The opening credits of The Cabin In The Woods see Egyptian etchings of ritual sacrifices shimmering in blobs of CG blood. A strange juxtaposition, intriguing.
Then come Hieronymus Bosch-style paintings of writhing, torn bodies arranged into hellishly elaborate torture shows. Cut to… two middle-aged office workers (Richard Jenkins, Bradley Whitford) driving down the street, discussing the day’s work before them: grey environment, white shirts and, for a horror movie promising nubile teens in stock scenarios, unexpected.
Slam! THE CABIN IN THE WOODS (block caps, blood red) takes up the entire width and depth of the screen. Then we’re on campus listening to MOR rock and watching hottie Jules (Anna Hutchison), jock Curt (Chris Hemsworth, pre-Thor), scholar Holden (Jesse Williams), virgin (well, almost…) Dana (Kristen Connolly) and stoner Marty (Fran Kranz) loading up a camper van.
They’re heading to a cabin in the woods, but as for everything else, all bets are off... So shrewd and playful is this mainstream horror-comedy by Drew Goddard (whose writing credits include Lost, Alias, Cloverfield, Angel and Buffy The Vampire Slayer, here making his directing bow) and Joss Whedon (director of Avengers Assemble, Serenity... wait, this is old news), you just know the clichés are there for a reason.
It starts with the archetypal characters and continues with their encounter, en route, with a local redneck (aka The Harbinger). “I’ve seen plenty come and go,” he gravely intones, and moments later the camera is offering the obligatory overhead shot of their vehicle wending its way up a mountain road. OK, time out.
You know that bit in movie reviews where the journalist bleats about how they can’t say any more because it would give too much away? Well, this is it. And this time you better believe it, because to even talk about The Cabin In The Woods in general terms, with evasive hints and contextual references, is to alert viewers to dog-leg plot turns they’d be better off stumbling upon alone.
Only, this review has 400 words left to run. So, we’ll tread carefully, respectfully, and be sure to give away less than you’ll glean from the trailer, but you might want to clock out now and return when you’ve seen the film.
Still here? OK, don’t say we didn’t warn you. A postmodern celebration and dissection of the horror genre, The Cabin In The Woods delivers few tics and tricks we haven’t seen before. But Halloween did little that hadn’t been done before either, and nor, for that matter, did Citizen Kane; the beauty of Cabin is that it takes bits and pieces from here, there and everywhere and blends them into a vibrant entertainment.
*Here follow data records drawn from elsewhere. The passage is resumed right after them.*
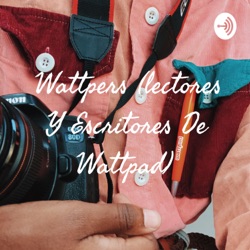 Wattpers (lectores Y Escritores De Wattpad)  (Trailer)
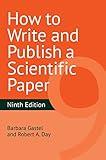 How to Write and Publish a Scientific Paper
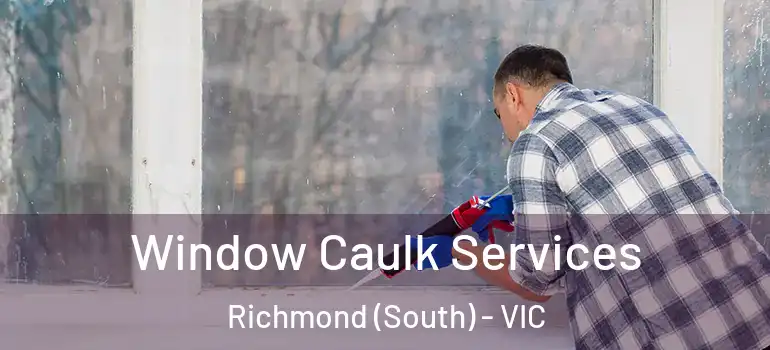 Window Caulk Services Richmond (South) - VIC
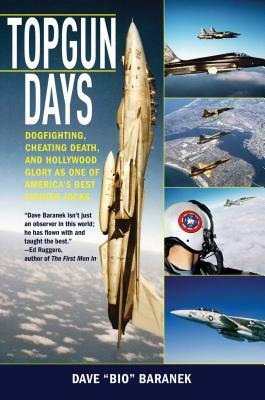 Topgun Days: Dogfighting, Cheating Death, and Hollywood Glory as One of America's Best Fighter Jocks by Dave Baranek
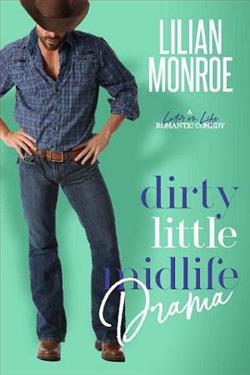 Dirty Little Midlife Drama by Lilian Monroe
One of the central conceits – that horror movies tap into our subconscious fears, which are rooted in ancient and primal terrors – was explored in Wes Craven’s New Nightmare (“They’re like something from our nightmares,” says one of Cabin’s characters. “No, they’re something our nightmares are from,” replies another), while Scream, Cube, Hostel, My Little Eye and Behind The Mask: The Rise Of Leslie Vernon explore other ideas stashed in the Cabin.
Individual movies are explicitly referenced (Hellraiser, The Creature From The Black Lagoon, The Evil Dead, The Strangers) and sub-genres nodded to (torture porn, zombies, werewolves, monster movies, the mythic, gigantic beasts of H.P. Lovecraft and, in two hilarious sequences, J-horror).
Of course, it’s arguable that all this pulling back of the curtain and drawing attention to the genre’s mechanics hinders viewers from truly investing in the characters: we are, after all, watching a movie, a fact we’re never allowed to forget.
But we certainly like the protagonists, who, it should be noted, subvert expectations as frequently as they cleave to them. The dialogue, meanwhile, is laugh-out-loud funny.
Take the scene where the friends huddle in the cabin’s basement surrounded by iconic bric-a-brac such as dolls, bridal gowns and puzzle boxes. “I’m drawing a line in the fucking sand here,” yelps pothead Marty as Dana opens a cobwebby journal. “Do not read the Latin…”
It’s to Cabin’s credit that it still works so well despite being shelved for three years, first saddled with a post-Avatar 3D conversion (thankfully no more) and then buried by MGM’s filing for bankruptcy.
In the meantime, some of its tropes have surfaced in, bizarrely, Hostel: Part III, and, naturally, the fourth installment of Wes Craven’s famous franchise. But this is the real scream, sure to appeal to fans and non-fans alike.
A super-entertaining, super-slick love/hate letter to horror with a final 20 minutes that’s stunningly bonkers.